• [Data in this exercise]:
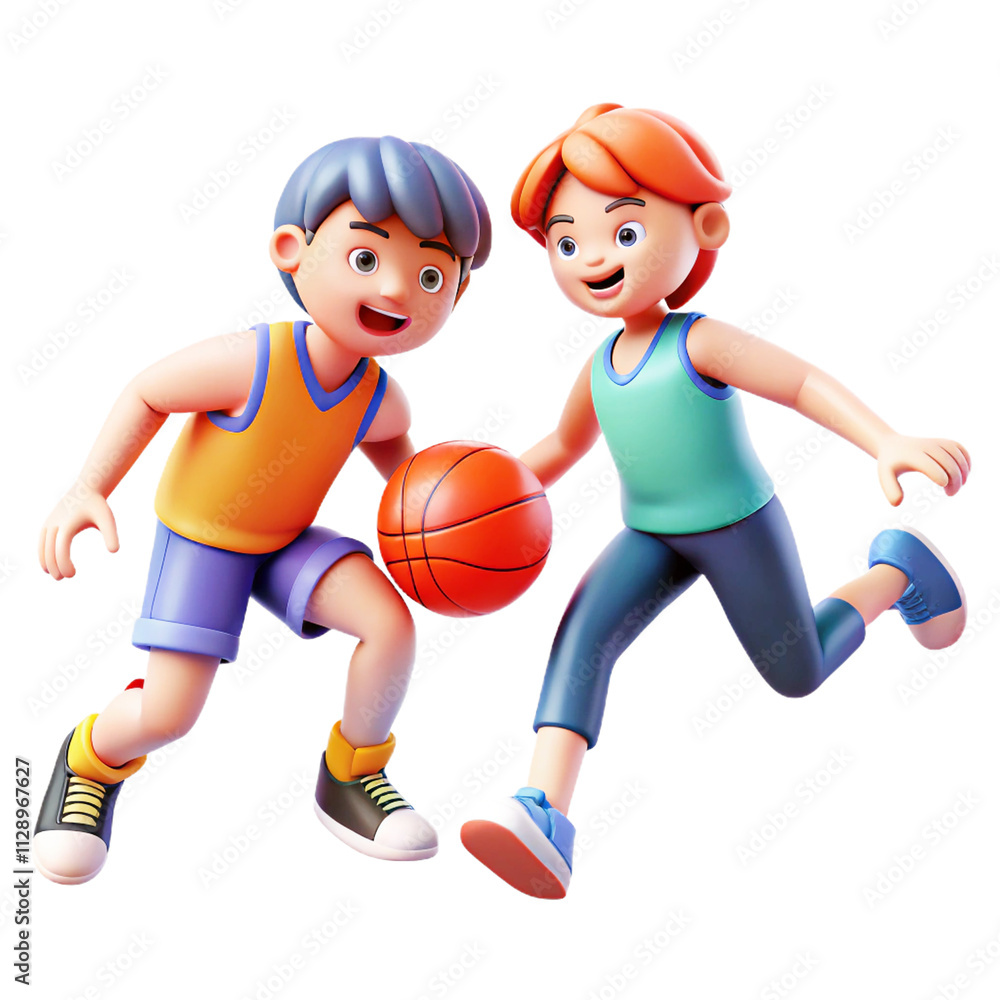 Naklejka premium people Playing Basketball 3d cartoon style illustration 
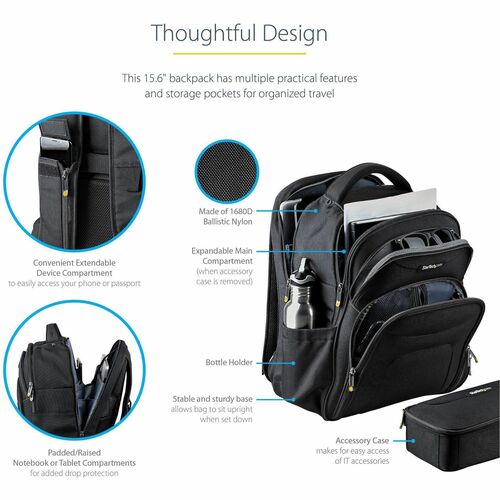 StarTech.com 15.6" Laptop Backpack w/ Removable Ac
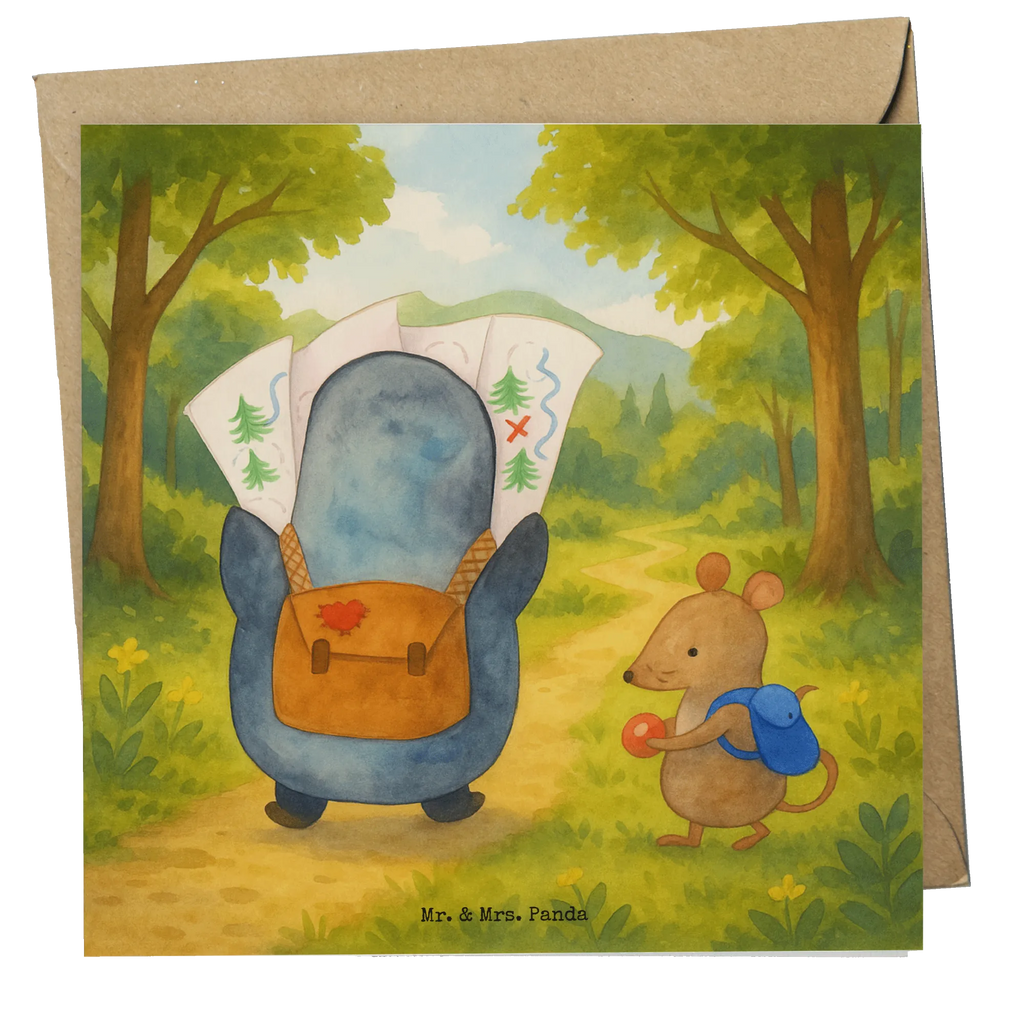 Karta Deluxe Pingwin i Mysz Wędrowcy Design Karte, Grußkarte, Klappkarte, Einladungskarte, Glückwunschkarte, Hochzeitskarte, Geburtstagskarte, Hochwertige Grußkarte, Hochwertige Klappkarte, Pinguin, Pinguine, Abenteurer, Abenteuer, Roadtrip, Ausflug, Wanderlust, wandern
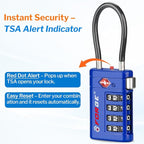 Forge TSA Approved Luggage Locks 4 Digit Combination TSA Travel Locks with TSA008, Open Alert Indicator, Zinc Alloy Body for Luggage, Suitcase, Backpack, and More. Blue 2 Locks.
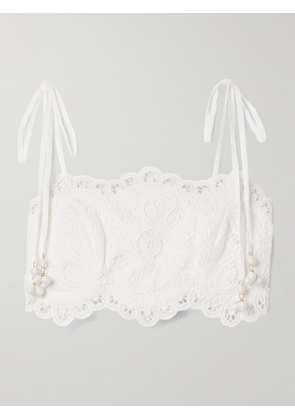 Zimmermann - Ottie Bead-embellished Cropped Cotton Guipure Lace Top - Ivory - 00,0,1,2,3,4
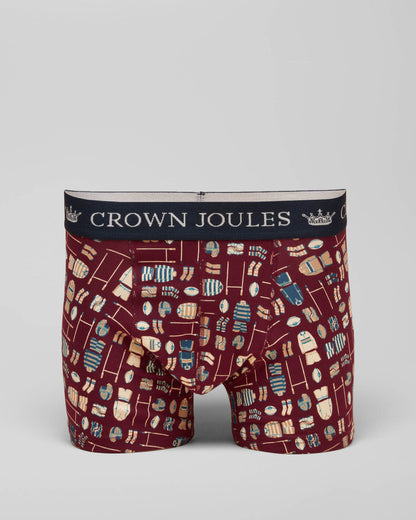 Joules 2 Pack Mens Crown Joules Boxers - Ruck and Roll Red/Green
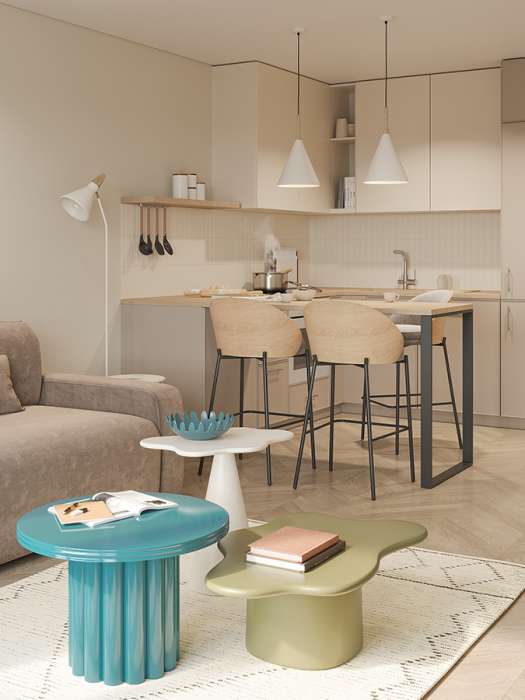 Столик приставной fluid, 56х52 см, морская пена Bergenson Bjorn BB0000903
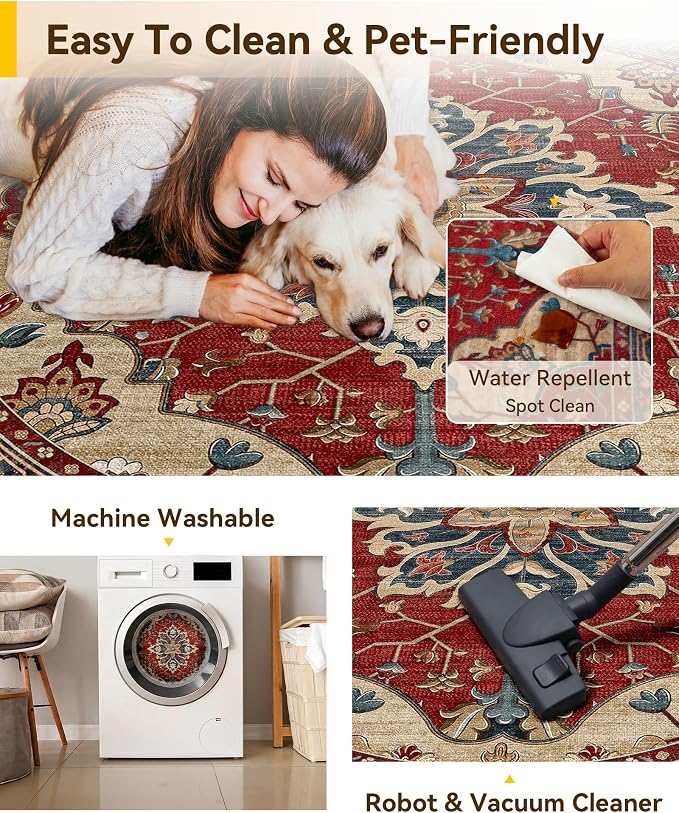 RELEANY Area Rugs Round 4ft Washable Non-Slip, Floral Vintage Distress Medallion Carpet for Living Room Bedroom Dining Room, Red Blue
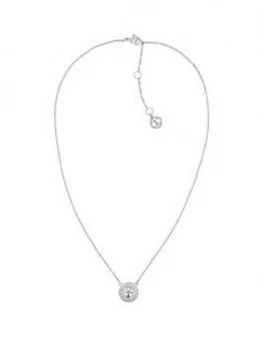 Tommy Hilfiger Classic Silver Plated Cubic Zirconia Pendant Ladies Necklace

• [Assignment]:
The answer is the lines above, word for word, from the first one through the one containing "w/ Removable Ac"; it includes no pictures.

• [Finished task]:
 Naklejka premium people Playing Basketball 3d cartoon style illustration 
 StarTech.com 15.6" Laptop Backpack w/ Removable Ac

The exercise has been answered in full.